Another issue is that API is inconsistent. We've already seen a couple examples of this. If you look up any syscol and try to decide, how should I use this safely, the answer depends on your file system, file system mode. If you want to know if your pends are atomic. The answer is they're usually atomic but not with ext3 or ext4 that equals writeback or ext2 in any mode. Or if you want to know if directory ops can be reordered, mostly they cannot be, but there could be a better [INAUDIBLE] so ext2 not shown on this slide.

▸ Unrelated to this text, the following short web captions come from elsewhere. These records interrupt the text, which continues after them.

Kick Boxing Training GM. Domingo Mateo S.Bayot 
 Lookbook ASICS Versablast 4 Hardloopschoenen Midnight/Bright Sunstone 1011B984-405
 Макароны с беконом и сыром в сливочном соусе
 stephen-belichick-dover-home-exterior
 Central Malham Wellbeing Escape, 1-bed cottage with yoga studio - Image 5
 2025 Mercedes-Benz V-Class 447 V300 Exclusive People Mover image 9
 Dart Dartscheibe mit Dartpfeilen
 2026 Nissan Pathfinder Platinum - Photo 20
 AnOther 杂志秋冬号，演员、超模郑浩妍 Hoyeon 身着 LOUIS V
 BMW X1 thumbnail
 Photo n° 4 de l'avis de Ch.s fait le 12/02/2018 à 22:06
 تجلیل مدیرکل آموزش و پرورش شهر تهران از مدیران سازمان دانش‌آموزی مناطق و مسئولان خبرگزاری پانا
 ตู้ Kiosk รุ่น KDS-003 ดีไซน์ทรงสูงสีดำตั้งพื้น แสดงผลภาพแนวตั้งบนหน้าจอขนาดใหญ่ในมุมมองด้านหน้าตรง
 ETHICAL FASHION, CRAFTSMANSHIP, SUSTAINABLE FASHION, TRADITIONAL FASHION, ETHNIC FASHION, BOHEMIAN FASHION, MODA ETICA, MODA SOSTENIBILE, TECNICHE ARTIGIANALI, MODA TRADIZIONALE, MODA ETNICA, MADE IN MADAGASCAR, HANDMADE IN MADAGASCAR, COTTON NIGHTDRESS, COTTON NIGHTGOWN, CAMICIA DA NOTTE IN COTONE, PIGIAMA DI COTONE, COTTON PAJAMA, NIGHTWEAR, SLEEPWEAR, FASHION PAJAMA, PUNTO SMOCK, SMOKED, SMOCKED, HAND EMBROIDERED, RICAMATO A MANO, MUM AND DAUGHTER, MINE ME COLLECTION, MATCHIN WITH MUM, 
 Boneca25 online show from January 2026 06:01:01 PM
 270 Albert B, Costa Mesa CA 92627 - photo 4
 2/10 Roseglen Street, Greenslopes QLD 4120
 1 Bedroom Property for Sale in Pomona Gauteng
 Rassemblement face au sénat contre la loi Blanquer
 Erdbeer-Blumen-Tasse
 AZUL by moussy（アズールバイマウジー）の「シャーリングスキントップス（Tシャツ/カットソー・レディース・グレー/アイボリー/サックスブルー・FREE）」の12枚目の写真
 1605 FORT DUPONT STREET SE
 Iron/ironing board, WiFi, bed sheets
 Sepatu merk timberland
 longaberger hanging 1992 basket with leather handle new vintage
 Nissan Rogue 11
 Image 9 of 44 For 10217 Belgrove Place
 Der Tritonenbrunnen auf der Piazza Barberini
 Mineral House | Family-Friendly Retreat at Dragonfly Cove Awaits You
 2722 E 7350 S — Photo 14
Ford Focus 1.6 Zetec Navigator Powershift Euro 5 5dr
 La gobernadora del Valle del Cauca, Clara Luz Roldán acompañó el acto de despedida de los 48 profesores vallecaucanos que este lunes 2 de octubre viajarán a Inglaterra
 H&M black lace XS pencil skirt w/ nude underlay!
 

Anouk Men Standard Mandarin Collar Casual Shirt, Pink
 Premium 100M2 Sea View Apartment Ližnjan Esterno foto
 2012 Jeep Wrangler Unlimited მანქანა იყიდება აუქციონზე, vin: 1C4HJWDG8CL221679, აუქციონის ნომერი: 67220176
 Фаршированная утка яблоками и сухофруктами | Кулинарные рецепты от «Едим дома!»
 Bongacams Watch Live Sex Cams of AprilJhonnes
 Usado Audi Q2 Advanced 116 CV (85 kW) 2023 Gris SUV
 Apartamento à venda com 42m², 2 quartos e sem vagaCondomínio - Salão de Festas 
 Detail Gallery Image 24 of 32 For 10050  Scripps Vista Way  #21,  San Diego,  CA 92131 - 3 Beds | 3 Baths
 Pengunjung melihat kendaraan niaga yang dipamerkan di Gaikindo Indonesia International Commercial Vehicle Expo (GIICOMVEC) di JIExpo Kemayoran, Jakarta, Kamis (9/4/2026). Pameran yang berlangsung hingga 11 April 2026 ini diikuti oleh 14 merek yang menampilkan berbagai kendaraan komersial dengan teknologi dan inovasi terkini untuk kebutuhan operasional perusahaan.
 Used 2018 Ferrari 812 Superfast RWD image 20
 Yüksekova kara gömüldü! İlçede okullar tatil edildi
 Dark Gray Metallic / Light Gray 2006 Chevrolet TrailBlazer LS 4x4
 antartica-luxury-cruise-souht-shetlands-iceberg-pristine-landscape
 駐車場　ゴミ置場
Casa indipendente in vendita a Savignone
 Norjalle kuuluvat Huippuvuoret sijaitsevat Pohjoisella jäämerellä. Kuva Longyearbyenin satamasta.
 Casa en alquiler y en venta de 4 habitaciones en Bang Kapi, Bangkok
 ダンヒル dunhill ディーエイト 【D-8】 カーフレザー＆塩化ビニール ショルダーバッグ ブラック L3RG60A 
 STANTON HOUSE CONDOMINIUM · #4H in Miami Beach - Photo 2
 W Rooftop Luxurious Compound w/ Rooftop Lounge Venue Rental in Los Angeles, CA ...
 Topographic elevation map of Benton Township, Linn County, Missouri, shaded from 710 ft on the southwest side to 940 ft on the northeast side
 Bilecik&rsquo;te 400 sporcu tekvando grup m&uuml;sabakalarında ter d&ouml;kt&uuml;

And this is true for any particular property you might care about, even properties that many people assume are fundamental, like writing a single sector is atomic. this is actually not enforced by most file systems that happens to be enforced with most current generations of disk. People have experimented with MBM where this would not be true. And if these enter wide use, you will see many, many bugs with respect to this. And this is, by the way, these aren't bugs. This API behavior is different by design. Theoretically, when you're writing code that accesses files, you should read the files at spec understand the whole thing completely and then code to the spec. In practice, this is not what people do. People typically code to what disks they have and what file systems they have. And then when you insert another file system, you end up with bugs.

So another issue is documentation's unclear. Earlier we talked about these data modes. If we want to know what these mean, if you ask, people say, oh, you should read the man page. So let's look at the man page. Journal says all data is committed into the journal prior to being written into the main file system. Ordered says all data is forced directly out to the main system prior to its metadata being committed to the journal.

Writeback is quite long. I'm not going to read this whole thing, but I will note that says this is rumored to be the highest-throughput option. The problem with these docs is like, what does this mean You can only actually understand what this means if you not only know what a journaling file system is, you actually know about implementation decisions the [INAUDIBLE] ext decided to make. This cannot tell you how to use your file system. It can only remind you if you already knew.

If you want to go find English language docs, LKML is probably the place to go. This is Linux kernel analyst. Here's an exchange from 2009 where someone finds out a very surprising thing to them of health systems. They ask, where is this documented? A developer hopefully responds, this mailing list. A file system developer, a core file system developer, responds, oh, probably some six to eight years ago in email postings that I made. So if you want to understand how to use file systems safely, you're basically expected to read the last five to 10 years of LKML with respect to file systems.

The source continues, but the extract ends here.